After we left Helms, Angleton said that he wanted to discuss with me the question of Goleniewski's being a plant. The HARRIET fit was so perfect that it did not need a suspicious man to believe the KGB had deliberately planted the allegation to discredit him. Angleton and Helms already suspected that Goleniewski had fallen back under Russian control shortly before he defected. Repeated analysis of the intelligence he provided showed a distinct change in its character from Polish to Russian matters, as if the Russians were deliberately feeding out barium meals of their own intelligence in order to isolate the leak. This analysis was shared by MI5, and was the main reason why Goleniewski's middling-grade agent story was ignored for such a long time. The clearing of HARRIET raised a major question mark over the validity of the middling-grade agent, and the validity of Goleniewski's information, particularly after he defected. The middling-grade agent story did not appear until November 1963. Goleniewski defected in January 1961. Now for the KGB to concoct the story in the detail they did, they would need access to Hanley's record of service. With his position, the only person who could acquire this would be Roger Hollis.
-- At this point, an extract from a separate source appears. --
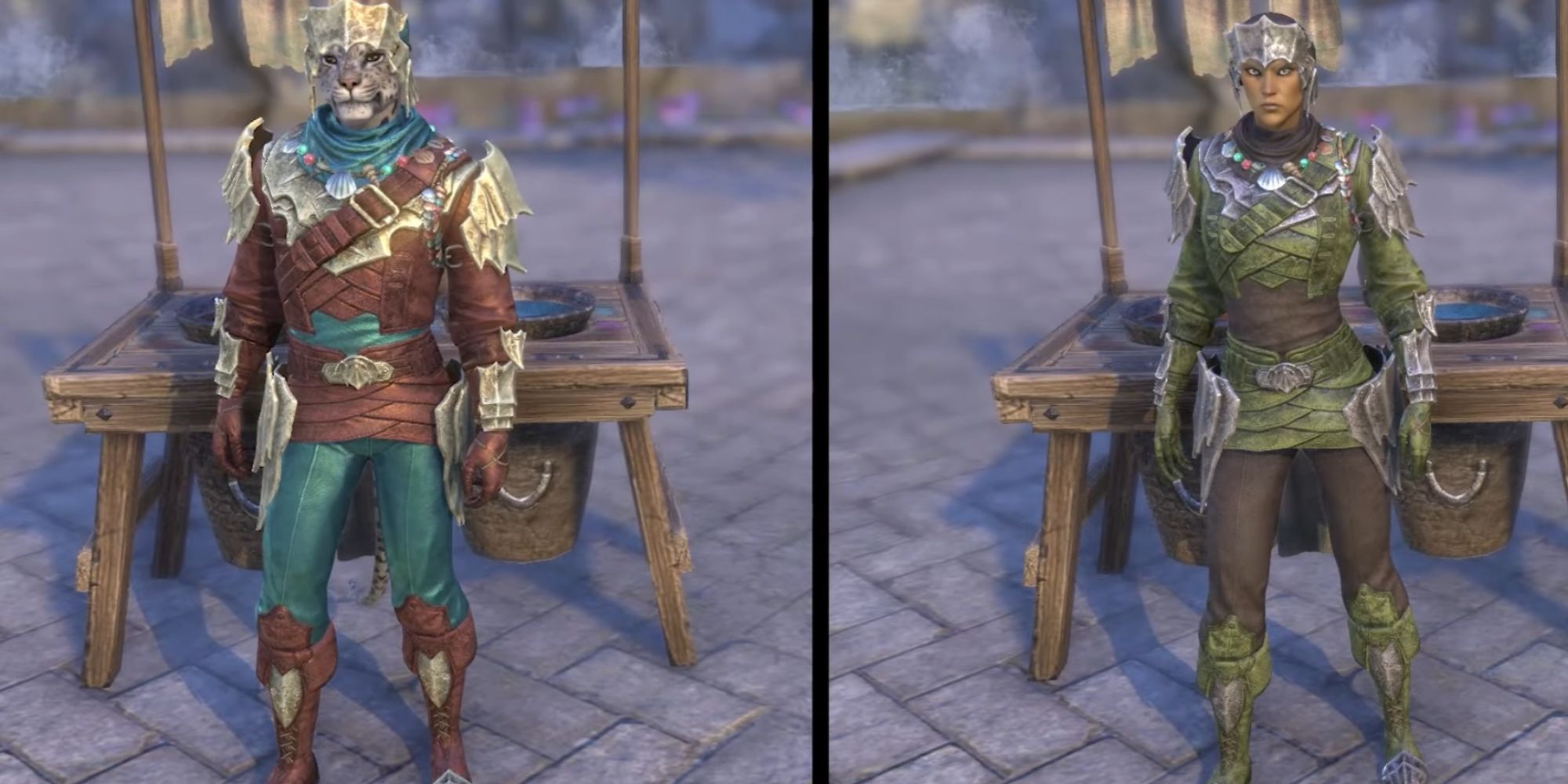 ESO Two Characters Wearing The Turning Tide Armor Set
But if Goleniewski had been turned, or was the unwitting vehicle for disinformation, what were the implications for the other assets MI6 and the CIA held in Poland, which since the war had been the West's most consistently fruitful sphere of Eastern Bloc operations? I did some preliminary work on this subject during the HARRIET investigation. I found, to my horror, that for a long period all agents run by MI6 were met at a flat rented by a secretary in the Warsaw MI6 station. Over ninety meetings had taken place there. I speculated that perhaps the reason why the UB and the KGB apparently failed to detect this astonishing series of meetings was that they were planting false agents on us. MI6 hackles were raised again, as they had been over the Penkovsky affair.
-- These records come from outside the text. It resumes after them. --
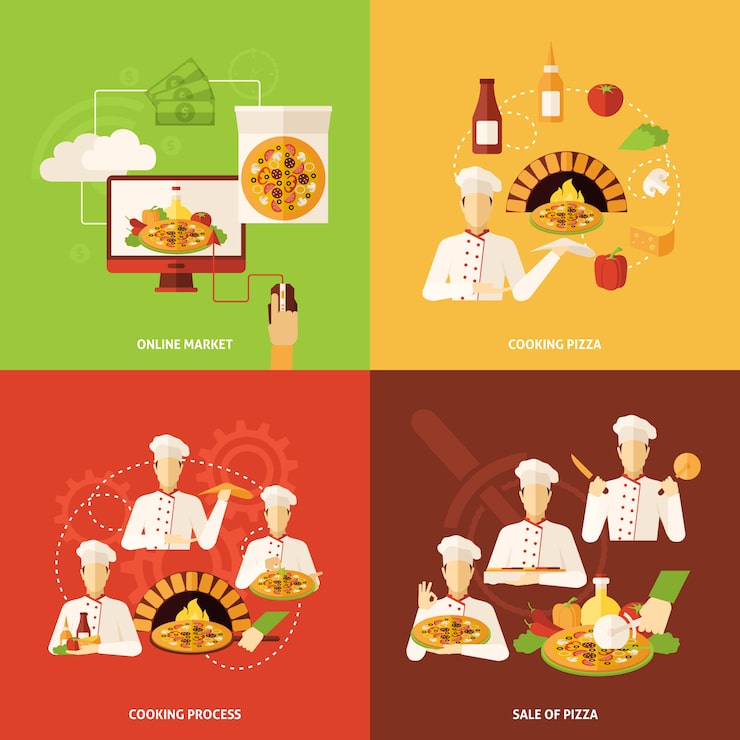 Miễn phí Vector biểu tượng đặt và làm bánh pizza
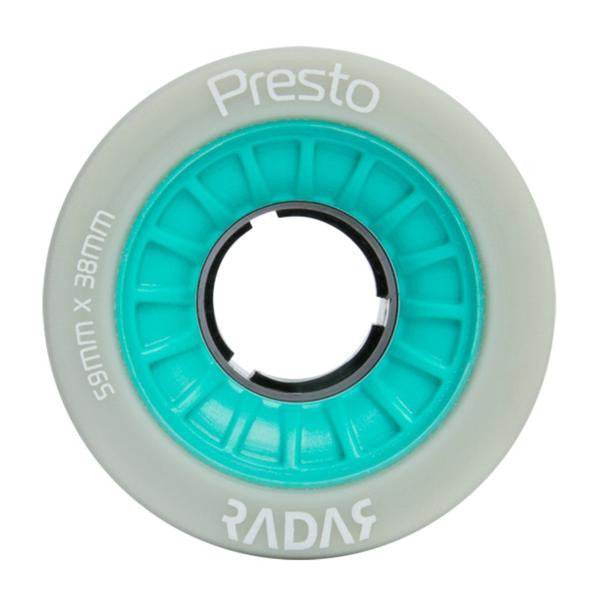 Radar Presto 59mm Quad Wheels - 4 Pack Set for Roller Skates, Skateboards & Scooters - High Performance Outdoor & Indoor Sports Wheels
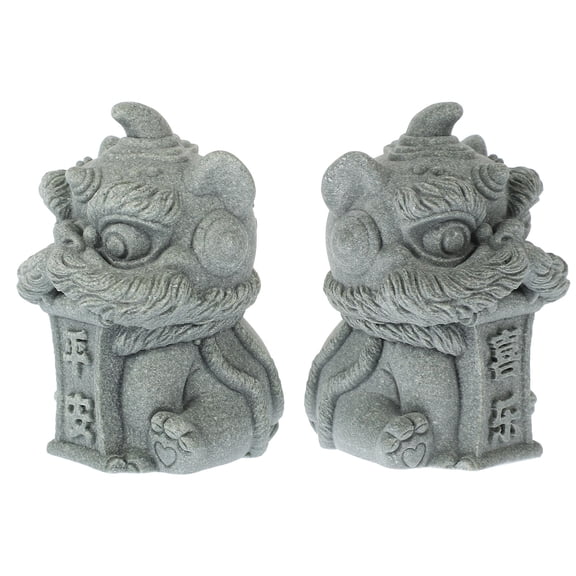 Worgeous Exquisite Resin Lion Statue for Decor Grey Color Traditional Chinese Style Desktop Ornament 2 Pieces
The belief that defectors were being sent to deceive Western counterintelligence during the sudden flood of arrivals in the early 1960s obsessed all of us. Golitsin's central contention was that the KGB had embarked on a systematic disinformation campaign, and that false defectors would be sent to the West to discredit him. Almost immediately Yuri Nossenko arrived on the CIA's doorstep, appearing to deflect many of the leads Golitsin gave about Soviet penetration of American and British Intelligence.
Nossenko threw the CIA into turmoil. He told them he had seen the file belonging to Lee Harvey Oswald, the alleged assassin of President Kennedy. He claimed the KGB had no involvement in the assassination, and had made no contact with Oswald in Russia, despite the fact that he had worked on a Top Secret U2 surveillance base shortly before defecting. To many officers in the CIA, Nossenko's story was too pat, especially when it was found that he had lied about his rank and status in the KGB. But why had he been sent? The CIA set about trying to break Nossenko using methods of imprisonment and physical pressure which would never have been tolerated in MI5. But even by 1967 they were no nearer to solving the riddle.
Suspicions were also growing about the FBI sources Top Hat and Fedora, who were passing information while still in place, but refusing to disclose their provenance. They provided bona fides for Nossenko, as if to assure the Americans that he was genuine, even to the extent of supporting Nossenko's claim to a false rank. But if Top Hat and Fedora were phony, what of the leads they gave to penetrations of British security?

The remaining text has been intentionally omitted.